From: Stefan Monnier
Subject: Re: project--completing-read-strict breaks ada-mode project completion table
Date: Tue, 19 Feb 2019 12:45:43 -0500
User-agent: Gnus/5.13 (Gnus v5.13) Emacs/27.0.50 (gnu/linux)

> Yes, because a collection should only specify a style if it cannot work
> with other styles.

I read this to mean that this collection-specified style would only be
used by collections which are fundamentally "broken" (because unable to
work as collection for any other style).

I had the impression that such "broken" collections are very rare.
Some collections may be partly broken (work poorly with some styles,
e.g. because they can't show all the completions of an empty string),
but that it's only/mostly due to the inadequacy of the current
collection API and even in those cases, it still works acceptably for
several completion styles.

We definitely want to support the case where the collection works OK for
most/many/some styles, where it also wants to provide its own style, and
where we want the user to be able to override that (via
completion-category-oiverrides).  So even for those collections where
only its own style works, it makes sense to use that same (overridable)
mechanism rather than provide another.

>> I don't understand this.  Why can't the completion style compute the
>> common-prefix?
> The root is _not_ the common prefix of the current matches;

I don't mean "of the current matches" but "of the entire collection".
(try-completion "" collection) should return just that, so the
completion-style does have access to it (unless the collection doesn't
implement `try-completion` correctly for that case, but it seems that
in the present situation we have control over the collection so we can
make sure it works correctly).

>> Also, I don't quite understand why we need 2: they both seem to
>> implement the same direction of the conversion (i.e. from "user-string"
>> to "data-string").
>
> No, "table input format" is not the same as "data format". See the
> header comments in uniquify-files; "table input" is the format required
> for the "string" parameter to the completion table functions; for both
> uniquify-file and file-root-rel it is "partial_dir/partial_basename".
> "data" is the format returned by all-completions; an absolute file name.

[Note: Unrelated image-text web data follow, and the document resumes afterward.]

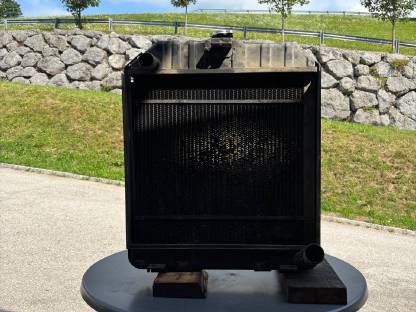 Bild 5:Kühler Steyr 8065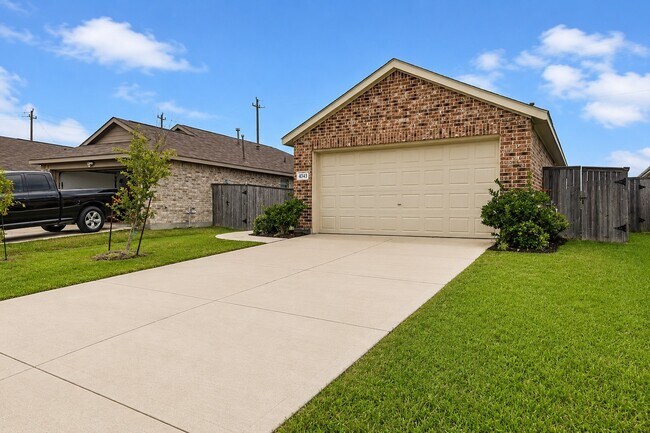 Building Photo - 4343 Palmetto Grv Ln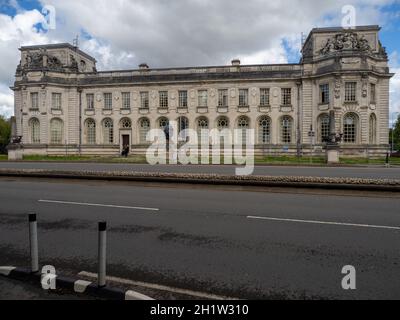 Côté ouest du tribunal de la Couronne de Cardiff – gallois : Llys y Goron Caerdydd – face au boulevard de Nantes Banque D'Images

IIUC this means you're using a different API than the normal
completion-table API (e.g. in the normal API the return value of
(try-completion STR COLL) should have STR as prefix and (all-completions
STR COLL) should have as prefix the part of STR past the
completion-boundary).

So that means the interface between your collection and your
completion-style is basically private and hence your 3 representation
and the functions between them are also internal implementation
choices.

[ Yes, I realize, I'm kind of stating the obvious, since you said
  earlier that this collection only works with this style.  ]

BTW, I have some problems when trying your code: I started Emacs, loaded
uniquify-files and then did

    M-: (locate-uniquified-file '("/usr/bin"))

and when I type 

    d?
    
in the minibuffer, I get the list of matching *absolute* files in
*Completions*.  Is that the intended behavior?  More to the point, the
"user format" seems identical to the "data format".  Am I doing
something wrong?

>> I see that uniq-file-get-data-string does more (i.e. it tries to find
>> the corresponding match if there's only one) but I don't understand
>> why you need to do that: this seems to do a kind of completion which
>> minibuffer-complete-and-exit should already have done (if
>> `require-match` is set) or which shouldn't be done (if `require-match`
>> is not set).
>
> The main computation in uniq-file-get-data-string is to return the
> absolute file name corresponding to the table input string.
> minibuffer-complete-and-exit can't do that, because it doesn't know how
> to convert the user string to the absolute file name; as far as it
> knows, "foo-file1.text<Alice/alice-1/>" is not a valid completion for
> "c:/.../uniquify-file-resources/Alice/alice-1/foo-file1.text", because
> they are not string-equal.

What I meant is that when we call uniq-file-get-data-string we already
know that the user string is a valid match, so there shouldn't be any
need to search in the completion table.  E.g. if it's
"foo-file1.text<Alice/alice-1/>" we should be able to just prepend the
hidden common prefix to the output of uniq-file-to-table-input, no?

Later you wrote:
> This is now implemented, in ELPA.
[...]
> Except it also needs:
> (setq minibuffer-allow-text-properties t)
[...]

And then:
> That's not enough. Despite that setting, when there is a single
> completion, minibuffer-force-complete calls completion--replace,

We could fix completion--replace.  It currently removes all
properties, but that's just because it was easier, I think it only cares
about visible properties, so we could be more careful to only remove the
`face`, `invisible`, and `display` properties.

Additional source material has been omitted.